TASK TO COMPLETE:
Only the pictures stay out; every record is to be quoted exactly.
[RECORDS SUPPLIED — start]
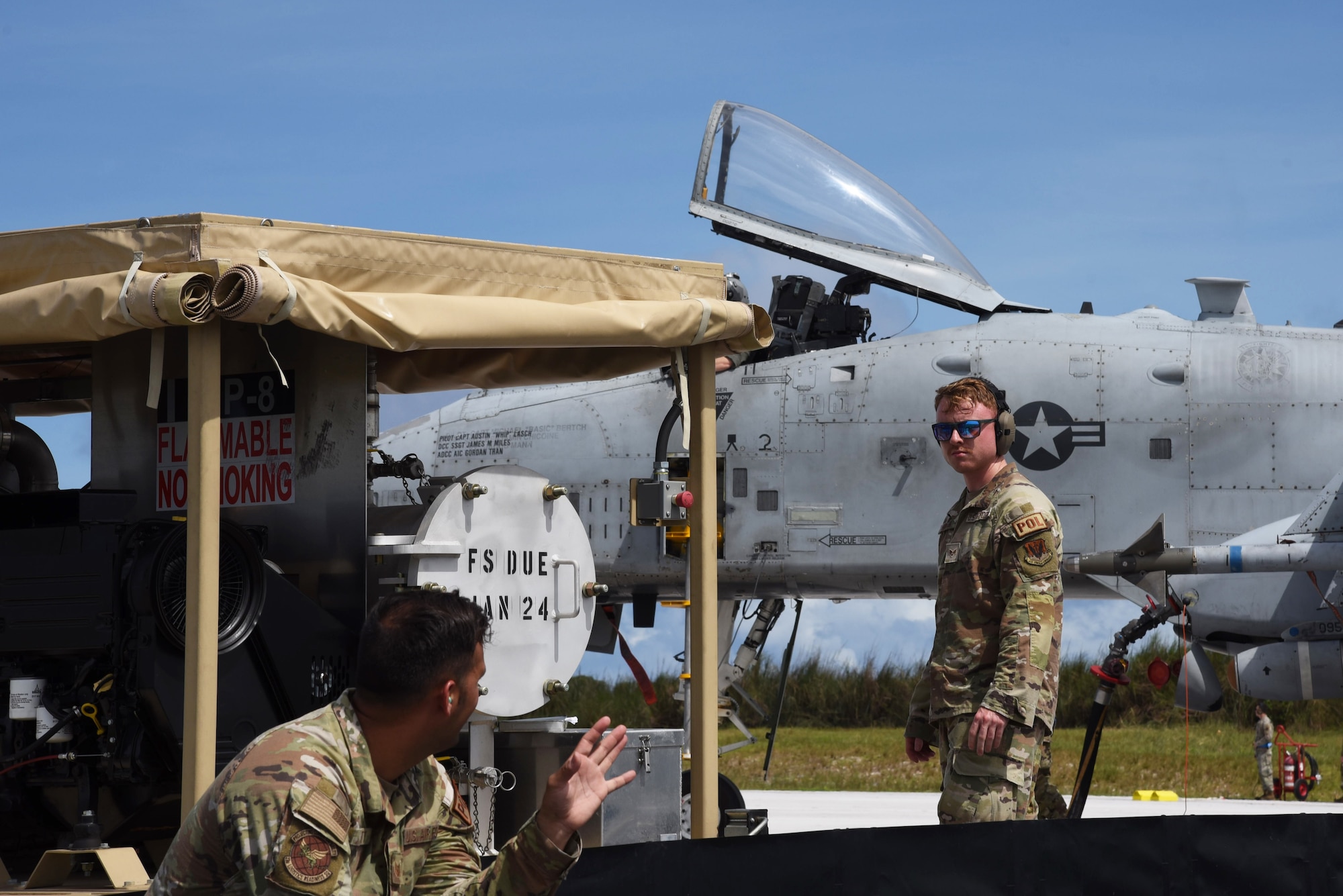 Photo of two Airmen talking on a flight line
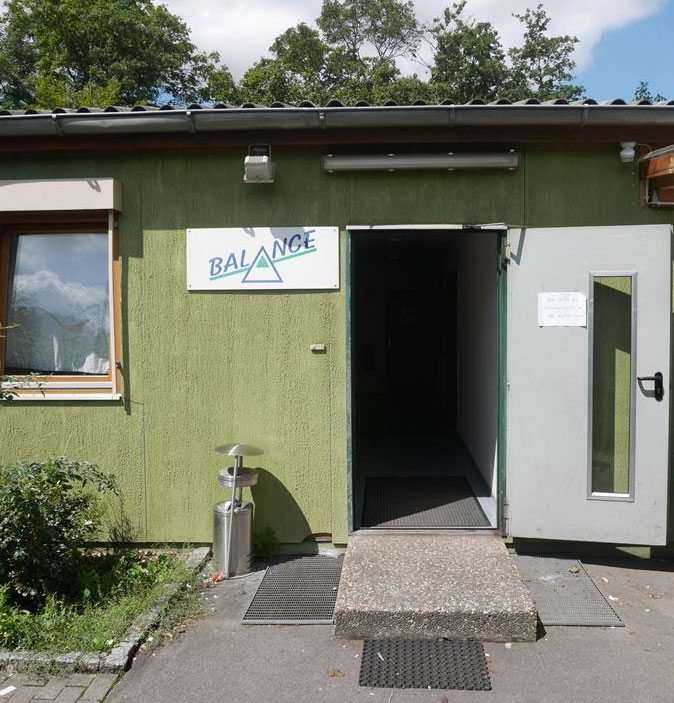 Eingang des Café Balance. Grünes Gebäude, graue Tür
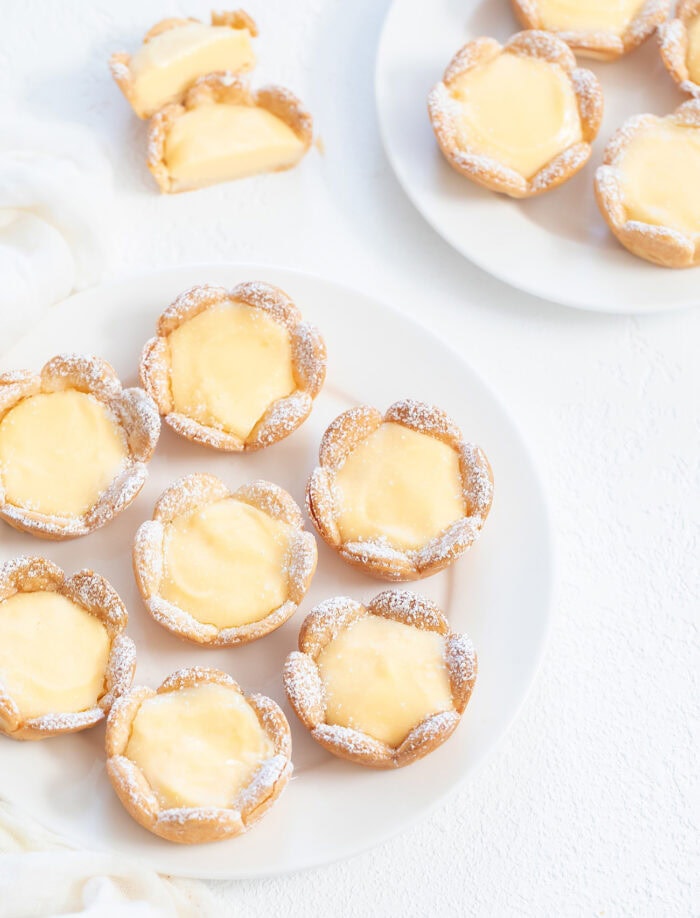 Lemon pies on a white plate dusted with powdered sugar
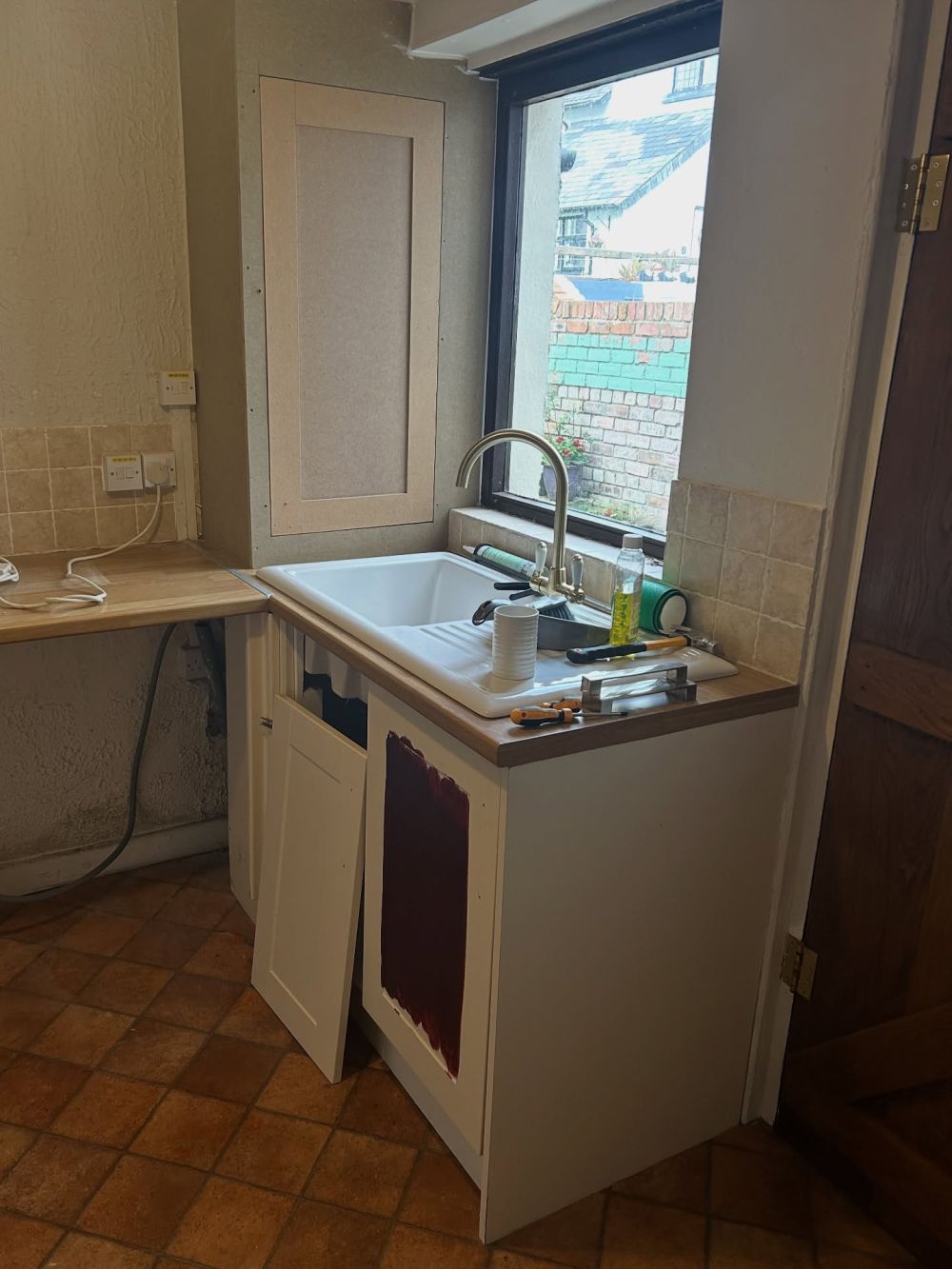 Sink cabinets kept their position beneath the window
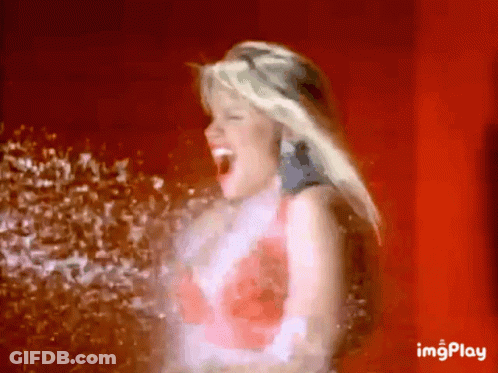 Woman With Open Mouth Being Sprayed GIF
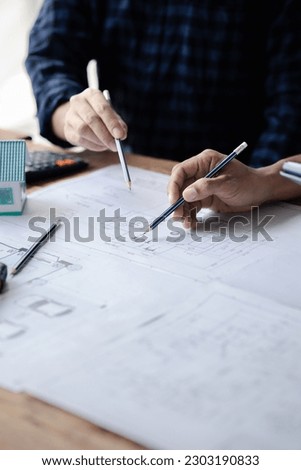The home design architects are reviewing the house plan draft, the project commissioned by the client, and the custom design before delivery. Interior design and decoration ideas. Royalty-Free Stock Photo #2303190833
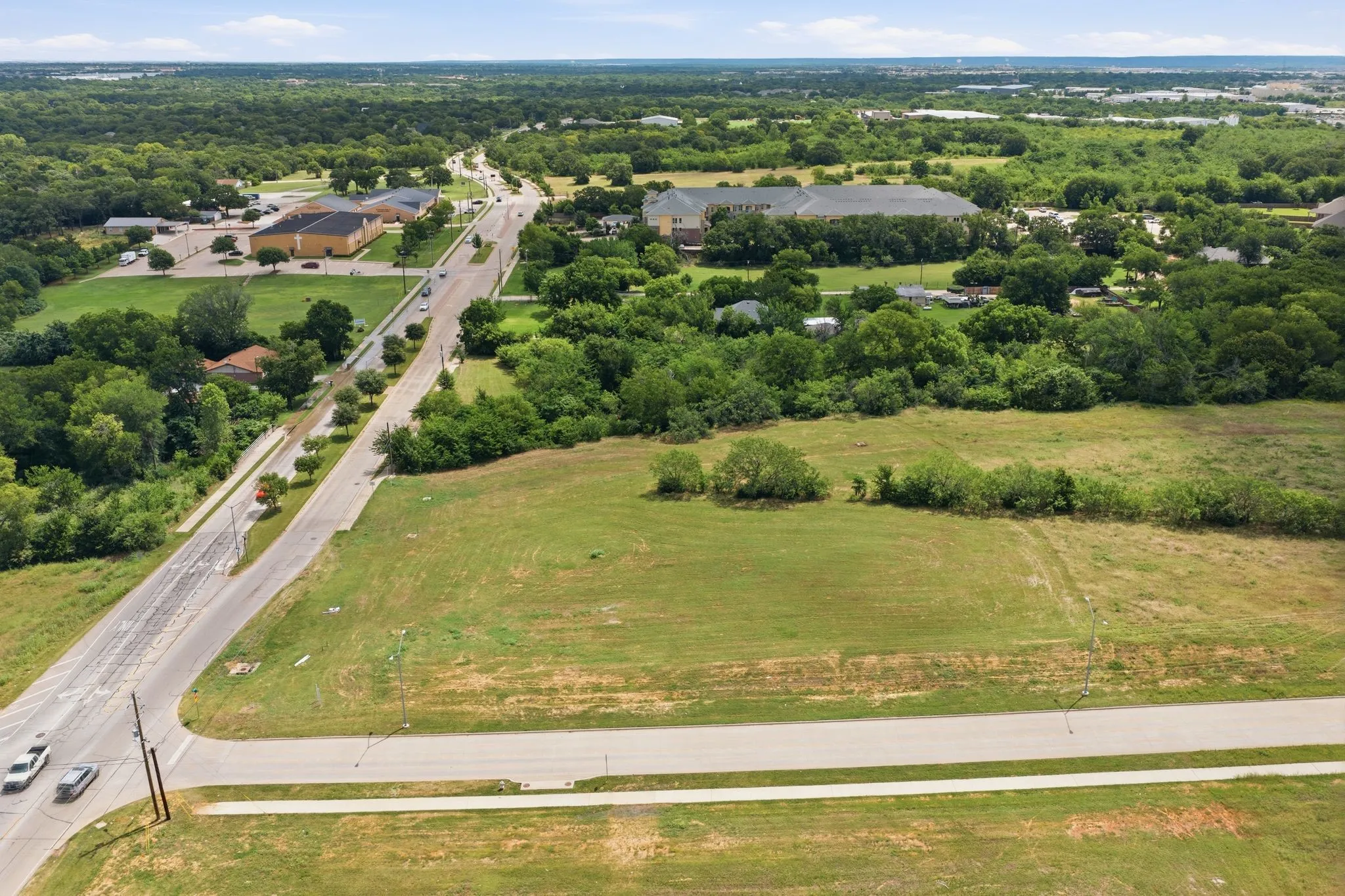 Expansive vacant lot featuring a grass field and a paved road frontage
[RECORDS SUPPLIED — finish]
TASK RESULT:
 Photo of two Airmen talking on a flight line
 Eingang des Café Balance. Grünes Gebäude, graue Tür
 Lemon pies on a white plate dusted with powdered sugar
 Sink cabinets kept their position beneath the window
 Woman With Open Mouth Being Sprayed GIF
The home design architects are reviewing the house plan draft, the project commissioned by the client, and the custom design before delivery. Interior design and decoration ideas. Royalty-Free Stock Photo #2303190833
 Expansive vacant lot featuring a grass field and a paved road frontage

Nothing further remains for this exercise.